Jadi Advokat Pendamping Terpidana Mati, Antara Happy dan Frustasi
Berita

Jadi Advokat Pendamping Terpidana Mati, Antara Happy dan Frustasi

Cerita tentang advokat yang berusaha meloloskan klien dari eksekusi mati.

Oleh:
Ady Thea DA
Bacaan 2 Menit

Aal mengatakan Ali menyampaikan beberapa pesan terakhir pada saat menjelang eksekusi mati sekitar Juli 2016 dan ketika sakit sekitar Mei 2018. Ali menyampaikan bahwa kita harus tetap berjuang untuk menghapus hukuman mati di Indonesia supaya kasus serupa tidak terjadi lagi. Agar tidak ada lagi orang yang tidak bersalah tapi dijatuhi hukuman.

Sampai saat ini Imparsial masih mendesak MA untuk segera menerbitkan pertimbangan grasi kepada Presiden. Grasi itu penting bagi keluarga untuk mengajukan rehabilitasi nama baik Ali.

(Baca juga: Sudah Saatnya Indonesia Berbenah Soal Hukuman Mati).

Pengalaman serupa dalam mendampingi terpidana mati pernah dialami Koordinator Advokasi KontraS, Putri Kanesia. Ketika mendampingi terpidana mati asal Riau, Yusman Telaumbanua, Putri harus menghadapi bermacam tantangan berat. Melalui putusan bernomor:08/Pid.B/2013/PN-GS, majelis hakim gunung Sitoli menjatuhkan vonis pidana mati terhadap Yusman karena dianggap bersalah melakukan pembunuhan berencana. Dalam putusan itu usia Yusman tertulis 19 tahun (lahir 1993).

Putri mengatakan banyak kejanggalan dalam proses hukum yang dijalani Yusman. Saat menjalani proses pemeriksaan di kepolisian, sampai persidangan usia Yusman diperkirakan masih di bawah umur. Saat itu Yusman juga tidak mendapat pendamping hukum yang layak. Penasihat hukum Yusman ketika itu dalam pembelaan lisan (pledoi) yang disampaikan di pengadilan malah meminta Yusman dihukum mati. Mengingat usia Yusman masih anak, harusnya proses persidangan Yusman di dampingi Balai Pemasyarakatan (Bapas).

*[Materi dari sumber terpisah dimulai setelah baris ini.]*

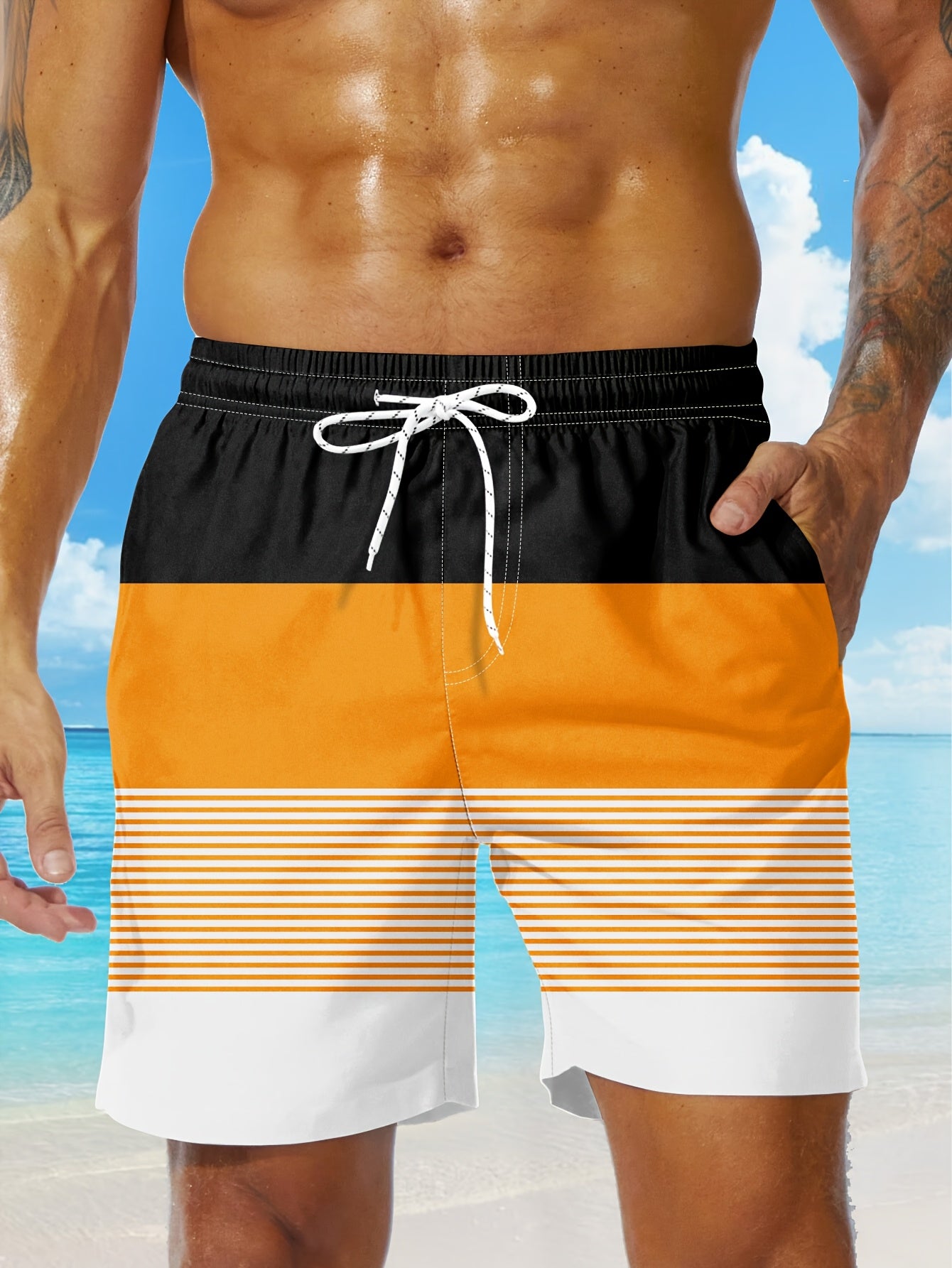 Men'S Fashion Drawstring Beach Shorts with Pockets - Casual Striped & Solid Color Block Design, Non-Stretch Fabric, Perfect for Pool Parties & Vacation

Putri sempat frustasi mencari cara bagaimana membuktikan bahwa Yusman masih di bawah umur. Yusman dan keluarganya tidak punya dokumen kependudukan. Salah satu bukti yang menunjukan Yusman masih berusia anak yakni buku catatan kelahiran milik sebuah Gereja di Riau. Dalam buku itu Yusman tertulis dengan nama panggilan ‘Ucok,’ lahir tahun 1996. Buku itu menurut Putri tidak cukup kuat untuk membuktikan usia Yusman, harus dicari bukti lain yang lebih valid.

Untungnya, KontraS berhasil bertemu dengan dokter forensik gigi dari Universitas Padjajaran Bandung. Putri mengatakan dokter itu mau memberikan bantuan dengan alasan demi kemanusiaan. Tapi untuk memboyong Yusman ke Bandung tidak mudah, mengingat Yusman terpidana mati, dia harus mendapat pengawalan khusus dari pihak lapas dan kepolisian. Kuasa hukum harus menempuh proses administrasi yang rumit dan berbiaya tidak murah untuk membawa Yusman ke Bandung.

(Baca juga: Harapan dari Bekas Lokasi Eksekusi Mati di Era Kolonial).

Sepekan setelah dokter forensik gigi Unpad memeriksa Yusman, Putri mengatakan hasilnya menunjukan usia Yusman saat itu (17 November 2015) yaitu 18-19 tahun. Jika dihitung mundur pada saat peristiwa pembunuhan berencana yang dituduhkan kepada Yusman di tahun 2012, usia Yusman ketika itu sekitar 15-16 tahun. “Hasil pemeriksaan ini membuktikan usia Yusman masih di bawah umur,” ujarnya.